Torniamo indietro di qualche mese per una breve segnalazione di una sentenza di merito riportata oggi dal principale quotidiano economico nazionale. Si tratta della Sentenza 8 maggio 2024 n. 6195 della Corte di giustizia tributaria di primo grado Lazio Roma, Sez. XXXIII (Pres. Papa, Rel. Pezzella).
Si tratta di precisare i limiti dell’agevolazione prevista dall’articolo 19 delle L. n. 74 del 1987. La norma come è noto precisa che “Tutti gli atti, i documenti ed i provvedimenti relativi al procedimento di scioglimento del matrimonio o di cessazione degli effetti civili del matrimonio nonché ai procedimenti anche esecutivi e cautelari diretti ad ottenere la corresponsione o la revisione degli assegni di cui agli articoli 5 e 6 della legge 1° dicembre 1970, n. 898, sono esenti dall’imposta di bollo, di registro e da ogni altra tassa”.
Nel caso esaminato dai Giudici di merito l’Agenzia delle Entrate aveva tassato, con avviso di liquidazione, un trasferimento immobiliare, poiché in tale cessione non era possibile individuare il requisito della funzionalità e indispensabilità dello stesso ai fini della risoluzione della crisi coniugale.
La Corte laziale ricorda però, sul punto, che la Corte di Cassazione è intervenuta con varie pronunce, ovvero la n. 3110/2016 e n. 4144/2021 con le quali ha chiarito che l’esenzione fiscale di cui alla L. n. 74 del 1987, art. 19, spetta a tutti gli accordi di separazione che rientrino nel concetto di “negoziazione globale”, in quanto volti a definire in modo stabile la crisi coniugale, quale che sia la forma che i negozi vengano ad assumere.
L’elemento fondamentale che sorregge questo indirizzo va dunque individuato nella centralità dell’accordo tra le parti nella definizione della crisi coniugale e nell’ottica di favore con il quale il legislatore vede tale modalità di definizione.

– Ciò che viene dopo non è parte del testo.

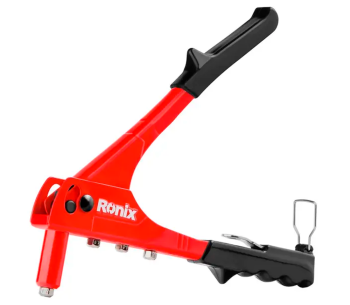 Заклёпочник ручной RONIX RH-1607 photo 3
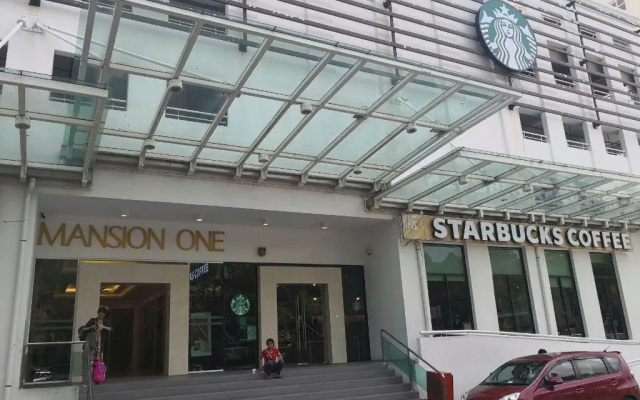 Mansion One by Sky Hive — 5-star hotel in George Town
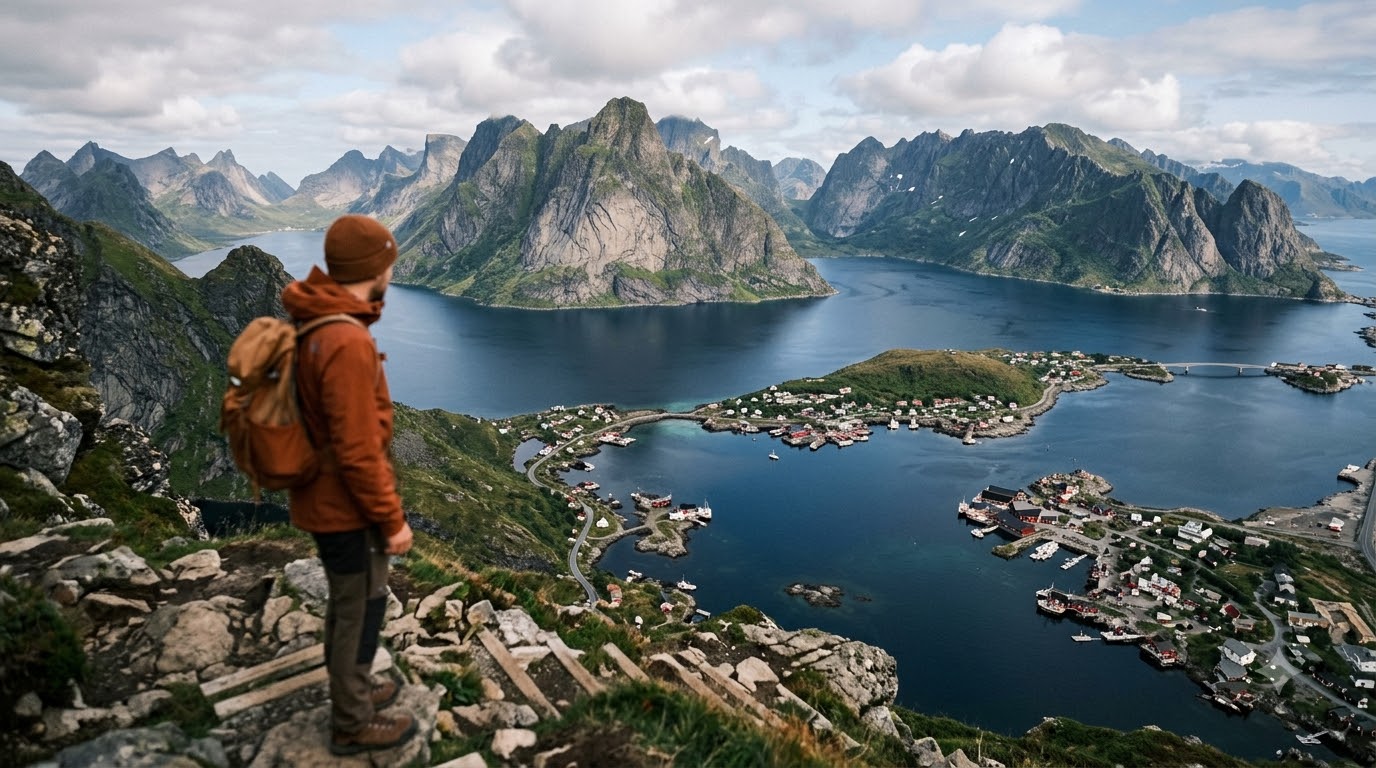 What are the best things to do in Lofoten? things to do in Lofoten
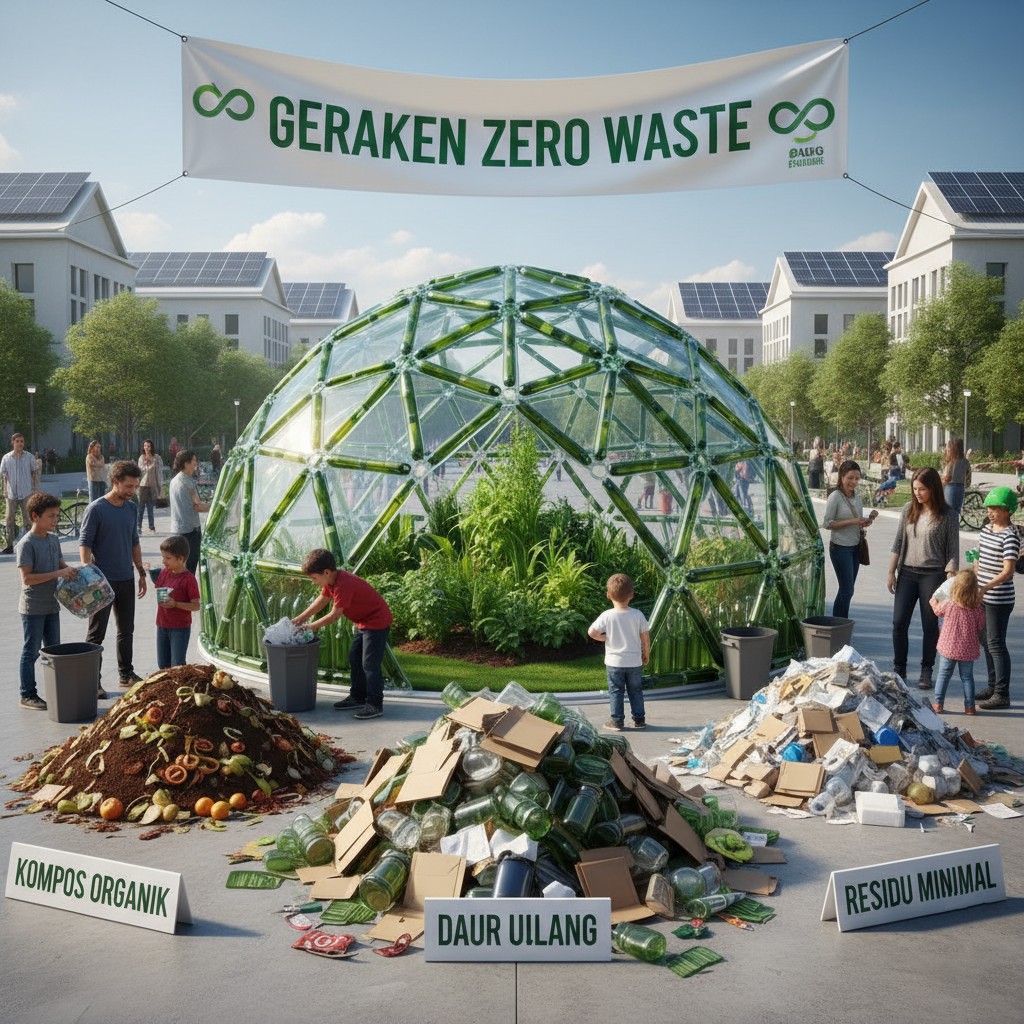 Tips Zero Waste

Pertanto, alla luce dell’orientamento giurisprudenziale, non è ostativa l’esenzione ex art. 19 cit. né che l’accordo in questione non abbia contenuto separativo ‘necessario’, né che la proprietà iniziale del bene non sia comune ma esclusiva di uno dei due coniugi contraenti. Quindi il ricorso è meritevole di accoglimento.
Viene quindi accolto il ricorso del contribuente, con condanna alle spese dell’AdE.